Le geste de Mohammed VI

Relations algéro-marocaines

Le geste de Mohammed VI

Par Karim Kebir, Liberté, 6 juillet 2005

Dans un message adressé hier au président Abdelaziz Bouteflika, à l’occasion de la célébration de la fête de l’Indépendance, le souverain chérifien a exprimé sa “détermination profonde” à surmonter “les différends” avec l’Algérie.

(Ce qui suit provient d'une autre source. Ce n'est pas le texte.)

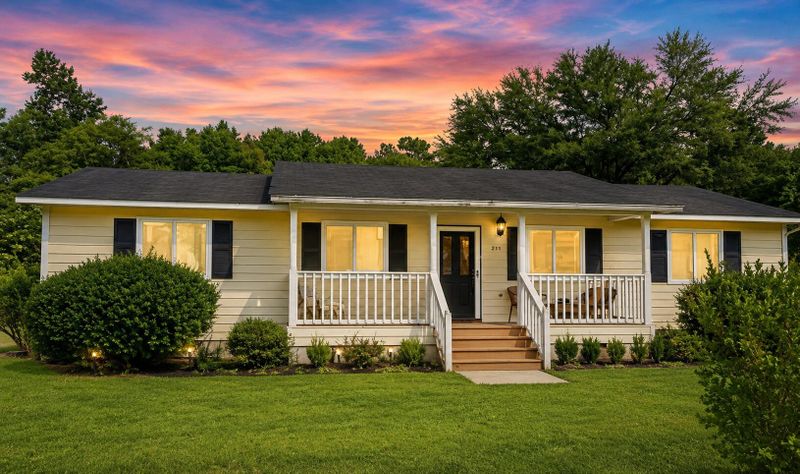 244 W Pine St, Lincolnville, SC 29485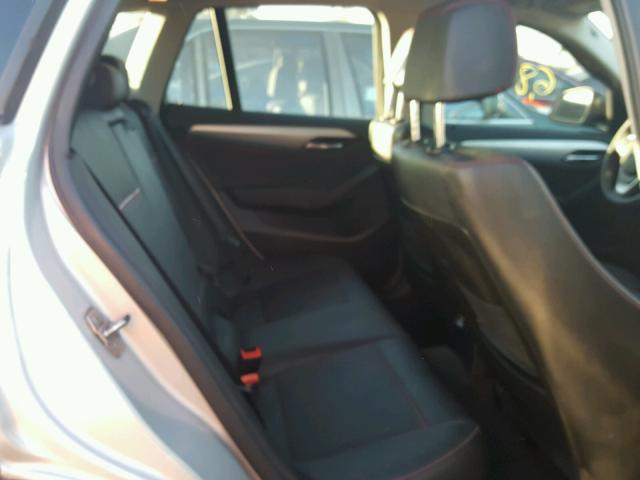 WBAVM1C5XFVZ94589 - 2015 BMW X1 SDRIVE2 Күміс фото 6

Décidément, entre Alger et Rabat, on ne finit pas d’alterner les coups de gueule et les coups de cœur. Après les récents échanges “d’amabilités” entre les deux capitales, l’heure est, semble-t-il, à la “réconciliation”.
Dans un message, qui s’apparente à un geste de grande portée politique, adressé hier au président Abdelaziz Bouteflika à l’occasion de la célébration de la fête de l’Indépendance, le souverain alaouite a exprimé sa “détermination profonde à surmonter les différends” avec l’Algérie. “J’aimerais (…) vous réaffirmer ma détermination profonde à continuer d’œuvrer, aux côtés de Votre Excellence, pour promouvoir les liens existant entre nos deux pays et nos deux peuples au niveau de l’amitié sincère qui les lie, et ce, dans une optique globale fondée sur le respect mutuel, le dialogue constructif et l’engagement sincère”, écrit Mohammed VI. “Ceci constitue la meilleure voie pour la réalisation des intérêts communs des deux peuples en matière de développement, de stabilité et de consolidation des fondements de l’union de notre Maghreb arabe par la consécration des rapports de bon voisinage, de la solidarité efficiente et de l’intégration économique en vue d’édifier un espace solide et harmonieux à même de surmonter les différends, quels qu’ils soient”, a-t-il encore indiqué. On l’aura sans douté relevé : l’usage du vocable “différend” renvoie à la question qui continue encore d’empoisonner les relations entre les deux pays, à savoir celle du Sahara occidental.
Cette question à l’origine du report du dernier sommet de l’UMA prévu pour les 25 et 26 mai dernier en Libye. Les déclarations de Abdelaziz Bouteflika à la veille de ce sommet, réaffirmant son soutien à la RASD, ont piqué au vif le souverain marocain qui a décidé sine die de surseoir à sa participation. Il n’en a fallu pas plus pour assister à une escalade verbale entre les deux capitales.
Même la visite du Chef du gouvernement algérien Ahmed Ouyahia, que devaient accompagner Belkhadem et Zerhouni, prévue pour le 21 juin dernier, a été annulée par Rabat, l’ayant jugée “inopportune”. Ce nouveau message constitue-t-il donc une volonté de transcender ce qui peut être qualifié comme un simple orage d’été ? S’il faut sans doute se garder de tirer des conclusions hâtives, tout porte à croire, au regard de la conjoncture, que le Maroc y est contraint. Pressé de toutes parts, notamment par l’Espagne dont le ministre des Affaires étrangères, Miguel Angel Moratinos, vient de réaffirmer son option à l’autodétermination du peuple sahraoui dans le cadre de l’ONU, le royaume fait face depuis mai dernier à une violente contestation dans les territoires occupés.
Les problèmes économiques aidant, quelques revers diplomatiques comme la reconnaissance du Kenya récemment de la RASD, après celle de l’Afrique du Sud en septembre 2004, ont fini par contraindre le royaume à se tourner vers son voisin de l’Est dont le destin, comme le relève d’ailleurs le souverain alaouite, est lié par l’histoire commune.
À moins d’une autre “manœuvre” destinée à vendre l’image à l’opinion internationale selon laquelle le royaume est animé d’une “bonne volonté”, ce message peut constituer cependant l’entame d’un nouveau départ pour des relations apaisées entre les deux parties. Si le chemin apparaît ardu, il reste à savoir qu’elle serait la réaction d’Alger.